Litio, cobalto, terre rare, gallio, germanio, rame, alluminio (inserito nell’ultimo draft), silicio metallico, grafite e nichel sono alcuni delle 34 materie prime critiche (caratterizzate da elevata importanza economica e rischi di approvvigionamento) e 17 di quelle considerate strategiche (la cui domanda sarà in forte crescita da più settori economici e industriali). Per gli stakeholder che lavorano nel settore (dall’industria all’accademia, passando per i think tank), l’inclusione di questa nuova categoria rappresenta una novità che in parte politicizza l’analisi della ‘criticità’ delle materie prime, costruita su una metodologia scientifica rigorosa ma che spesso non rifletteva – al pari di quanto delineato, per esempio, dai requisiti anti-Cina dell’Inflation Reduction Act (Ira) – una visione geopolitica, nonostante gli auspici della Commissione von der Leyen all’inizio del suo mandato.

Ma è chiaro che nei prossimi anni e decenni l’accesso alle materie prime critiche e strategiche diventerà sempre di più una questione politica, dal momento che da esse dipenderà la competitività di interi settori industriali. Proprio per questo, il Consiglio dell’Unione europea ha proposto, nelle fasi conclusive, di innalzare i parametri di riferimento, suggerendo l’aumento della quota di raffinazione e riciclaggio per i materiali consumati nell’Ue rispettivamente dal 40 al 50% e dal 15 al 20% e dal 15 al 20% entro il 2030. Si tratta di obiettivi (delineati all’Art. 1) non vincolanti, ma che rappresentano dei chiari suggerimenti agli Stati Membri per rafforzare il posizionamento dell’Ue in un contesto geopolitico incerto.

Nel primo caso, le industrie europee scontano un ritardo evidente nella trasformazione delle materie prime in materiali precursori e metalli per poter essere utilizzati per la fabbricazione di batterie, magneti o semiconduttori. Si tratta di uno step della supply chain che aumenta i margini di profitto, ma spesso caratterizzato da elevati consumi energetici e da più stringenti normative ambientali.

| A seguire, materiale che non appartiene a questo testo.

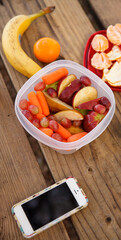 Top view of a modified phone and fruits and vegetables as a snack on a walk or picnic on a warm summer day. Apples, pears, grapes, tangerines, bananas and carrots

Per quanto riguarda la quota di consumo interno dalle attività minerarie continentali, rimane al 10% l’obiettivo di estrarre le materie prime critiche dal momento che, nonostante alcuni progetti in rampa di lancio, entro il 2030 sarebbe stato pressoché utopico concepire un target più ambizioso.

Un’altra componente fondamentale del regolamento è l’introduzione dei “progetti strategici”, che dovranno contribuire in maniera significativa all’approvvigionamento di materie prime strategiche dell’Ue (art. 5-7). Il regolamento mira a sostenere questi progetti garantendo che gli Stati membri forniscano un unico punto di contatto per il processo autorizzativo e une tempestività di massimo 24 mesi per l’estrazione e 12 mesi per la raffinazione e il riciclo (artt. 9-10). Dovranno inoltre allinearsi agli standard di sostenibilità conformemente alle normative europee, seppur è prevista una riduzione del periodo di consultazione pubblica per quanto concerne la valutazione d’impatto ambientale, trattandosi di provetti di “rilevante interesse pubblico” (art. 7).

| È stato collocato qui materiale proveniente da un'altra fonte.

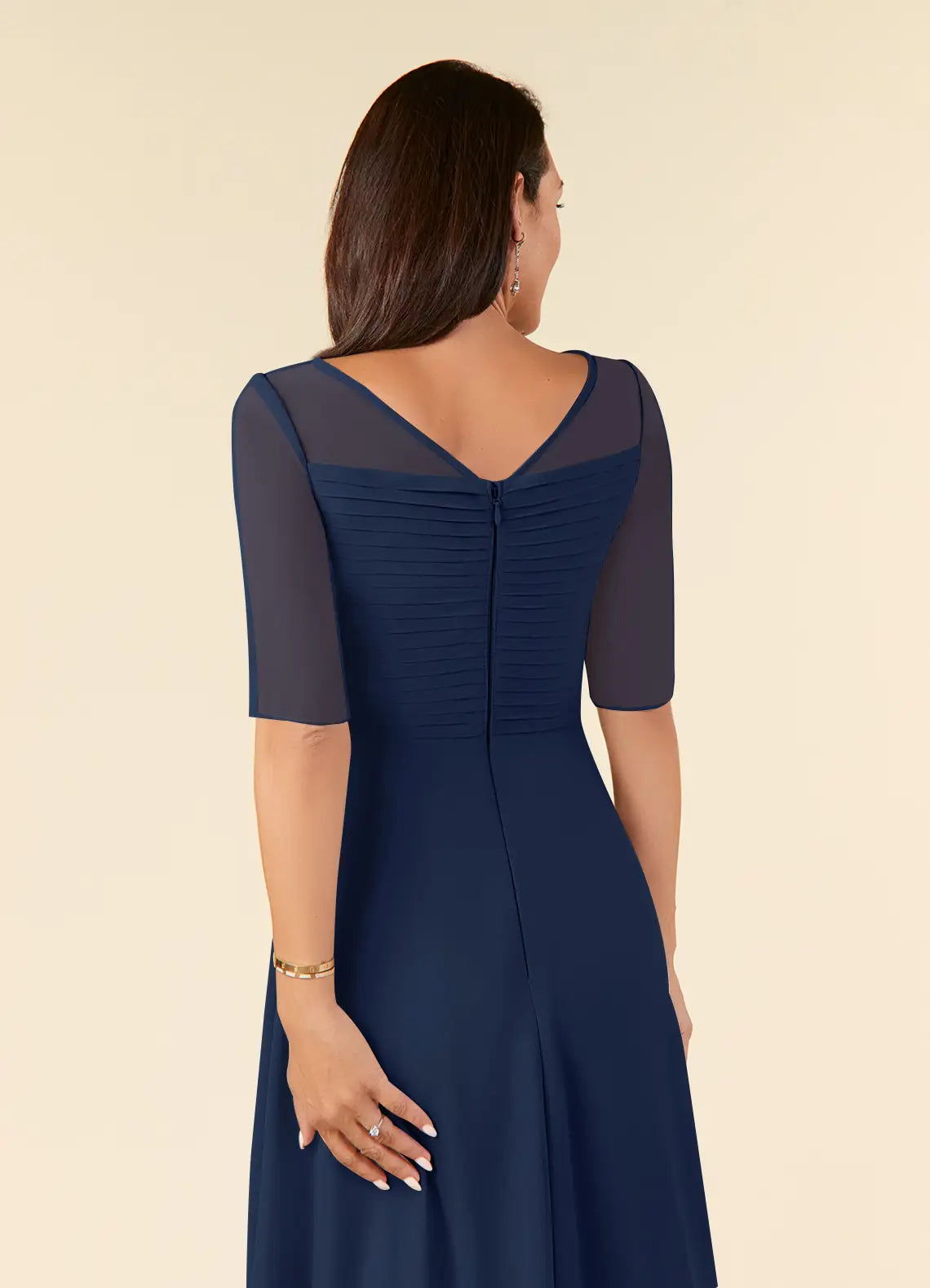 Close-up of the pleated chiffon fabric on a dark navy dress.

I progetti strategici saranno, inoltre, supportati da finanziamenti coordinati tramite diversi meccanismi (tra cui gli off-take), come previsto dagli artt. 15-17, mentre sarà compito dei Paesi membri provvedere al de-risking finanziario dei progetti in fase di esplorazione, agevolando così il processo di lancio sul mercato (art. 18). Monitorare e mitigare i rischi lungo le supply chain interessate, attraverso l’esecuzione di stress test e la rendicontazione di eventuali scorte strategiche, sarà inoltre un compito in capo agli Stati nazionali ma anche per le grandi aziende coinvolte nei rispettivi ambiti di applicazione. Gli artt. 25-30 guardano, invece, alle soluzioni circolari a diversi livelli, mentre l’art. 33 incoraggia la conclusione di partenariati strategici con i Paesi ricchi di risorse per il raggiungimento del target di riferimento (massimo il 65% del consumo interno entro il 2030 da un singolo paese) e in coordinamento con Paesi alleati.

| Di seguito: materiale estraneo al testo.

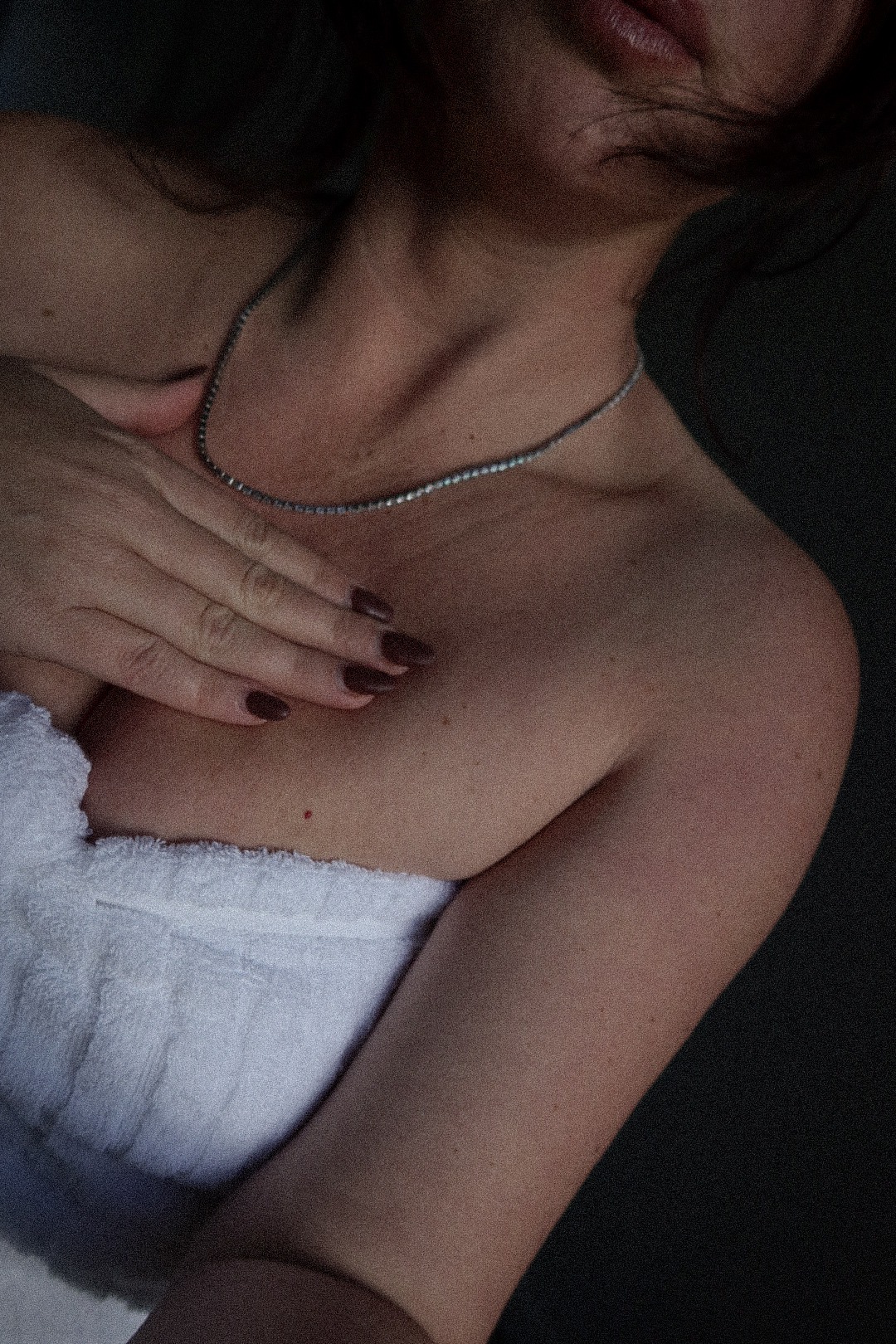 Grounded - Woman in white towel wearing delicate diamond necklace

Secondo le stime di Eurometaux, associazione di categoria europea, ci sono più di 50 progetti potenziali in Europa che potranno contribuire a raggiungere questi obiettivi. Tuttavia, servirà adottare una serie di misure ancillari ma chiave per garantire investimenti e competitività: un canale di finanziamenti comune, attingendo dai fondi europei (come annunciato la scorsa settimana con 3 miliardi dell’Innovation Fund per la filiera delle batterie elettriche), accesso a buon mercato all’elettricità (considerando che si tratta di industrie energivore) e coerenza dei regolamenti Ue sul commercio internazionale (in particolare, il Carbon Border Adjustment Mechanism) e sulla tutela ambientale.

Il grande dubbio rimane, infatti, l’implementazione pratica del regolamento se l’obiettivo è stimolare gli investimenti nelle filiere delle materie prime critiche: un aspetto che, se confrontato con le misure fiscali previste dall’Ira statunitense come incentivo alla regionalizzazione e al de-risking dalla Cina, segnala come il regolamento preveda ulteriori costi (sottoforma di compliance) per le imprese su diversi ambiti (monitoraggio, circolarità e standard ambientali) senza tuttavia fornire adeguate garanzie sul lato dei fondi pubblici.

La mancanza di garanzie su questo aspetto è in parte fotografata dallo stato dell’arte di uno dei settori al centro di questo dibattito e più coinvolto nella corsa all’elettrificazione: quello automotive. Secondo uno studio di Transport&Environment, meno di un quinto dei minerali per batterie (litio, cobalto e nichel) che sarà necessario ai produttori europei entro il 2030 è stato assicurato tramite accordi a lungo termine, joint venture o investimenti in progetti di raffinazione o estrazione. Non a caso, tra gli OEMs più virtuosi in questo senso si annoverano Tesla e BYD, i due colossi dell’auto elettrica che, con strategie diverse, sono ben posizionati per beneficiare della transizione a scapito dei produttori europei.

Un dato che dimostra due cose: da una parte, la disconnessione tra gli obiettivi della politica e i mezzi dell’industria privata, dall’altra la difficoltà della classe dirigente europea di garantire strumenti di politica industriale che siano coerenti con gli obiettivi imposti alla seconda. A partire dalle materie prime critiche, ed emulando quanto finora fatto di buono con l’European Chips Act, serve un cambio di passo deciso: lo European critical raw material act è una presa di coscienza, ora serve mettere in campo risorse e volontà politica per perseguirne gli obiettivi.